Axiom Refract vs. Dependency Scanners
Package vulnerabilities are not architectural vulnerabilities
Dependency scanners like Snyk, Dependabot, and OWASP Dependency-Check identify known vulnerabilities in third-party packages. They are essential for supply chain security but operate only on external dependencies, not on the internal architectural structure of the codebase itself.
Feature Comparison
| Feature | Axiom Refract | Axiom Refract vs.

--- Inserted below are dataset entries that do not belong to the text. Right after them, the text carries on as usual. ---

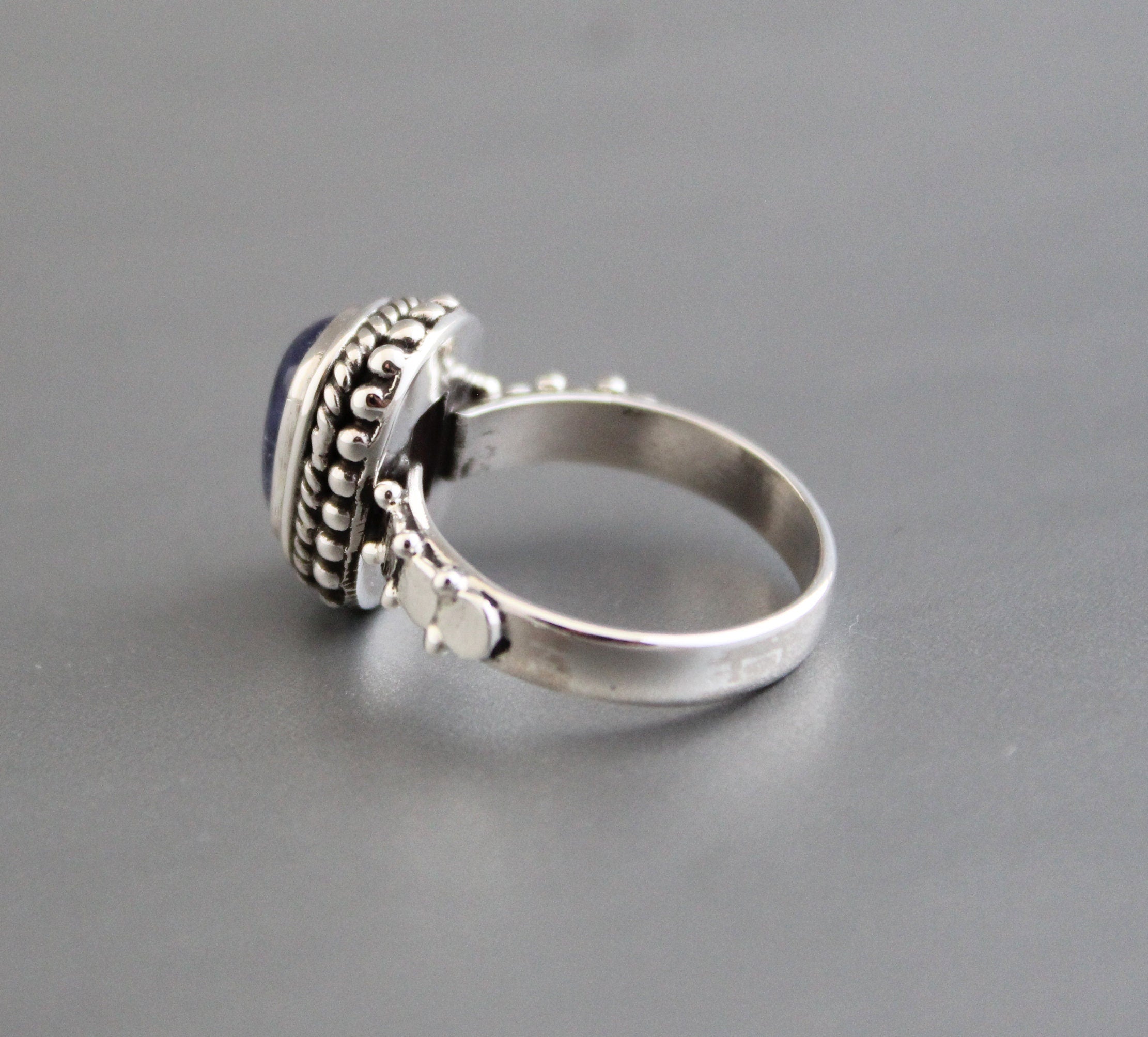 Tanzanite Ring, December Birthstone, Boho Gemstone Ring, Anniversary Gift for Her, Vintage Sterling Silver, Gift for Mom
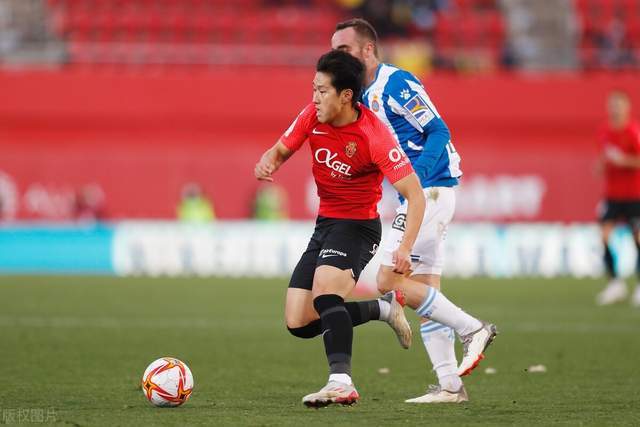 英超-伊萨克头球制胜 阿森纳客场0-1纽卡斯尔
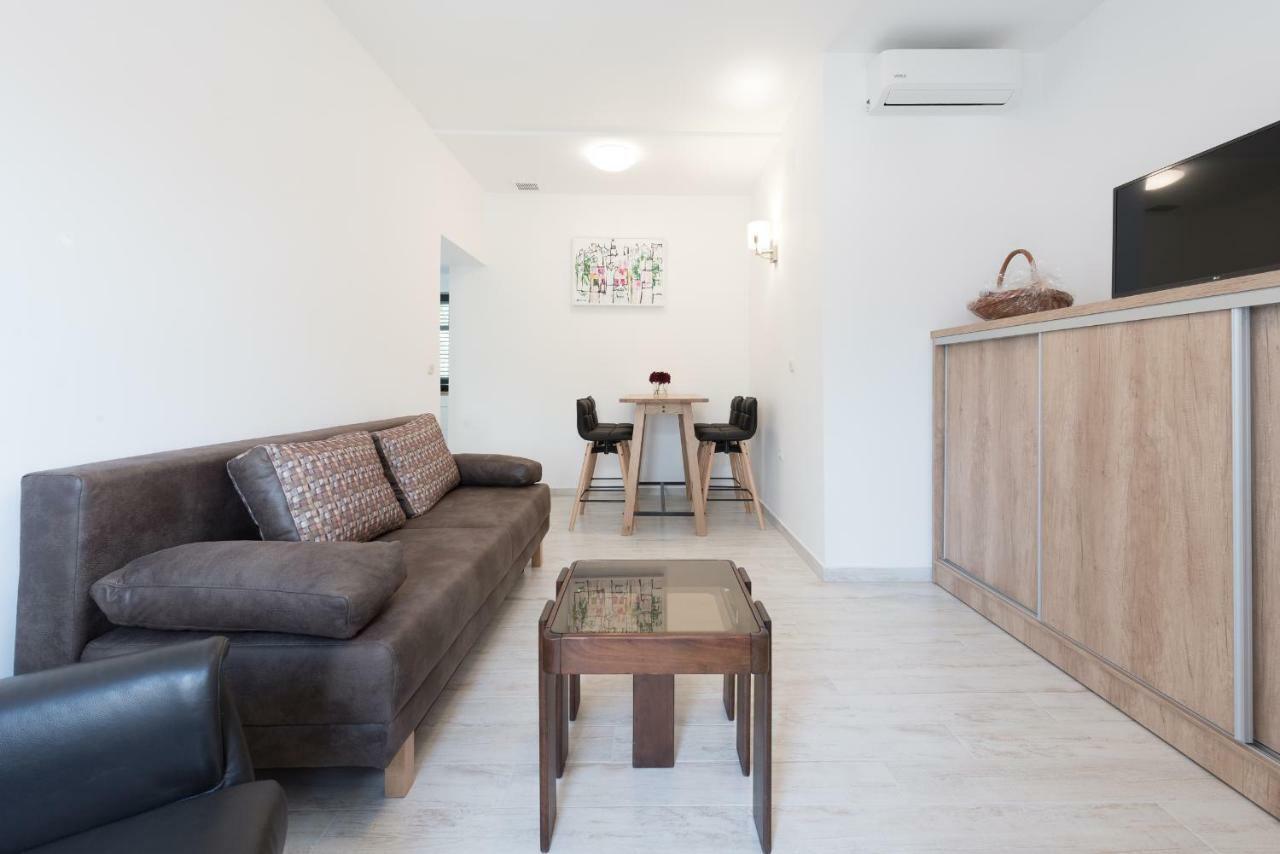 Apartment Obradovic 察夫塔特 外观 照片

Dependency Scanners |
|---|---|---|
| Architecture Governance | ✓ | — |
| SPOF Detection | ✓ | — |
| Blast Radius Analysis | ✓ | — |
| Dead Code Detection | ✓ | — |
| Dependency Mapping | ✓ | ✓ |
| Compliance Mapping | ✓ | ✓ |
| MCP/AI Agent Integration | ✓ | — |
| Multi-Language (145+) | ✓ | — |
| C4 Diagram Generation | ✓ | — |
| Supply Chain Audit | ✓ | ✓ |
Where This Approach Falls Short
- Dependency scanners map external packages only — they cannot see internal code coupling or structural dependencies
- No architectural visualization, SPOF detection, or centrality analysis
- Vulnerability reports are security artifacts, not architectural governance records
What Axiom Refract Does Differently
Internal + External
Axiom maps both internal code dependencies and external package dependencies. Dependency scanners see only the external layer.
Structural Risk
A dependency scanner tells you a package has a CVE. Axiom tells you which files use that package, how central those files are, and what breaks if you update it.
Architectural Context
Axiom places dependency findings within the full structural graph. Dependency scanners report vulnerabilities in isolation from architecture.
Who Should Consider Axiom Refract
Teams running dependency scanners that want to understand the architectural impact of their supply chain findings, not just the CVE count.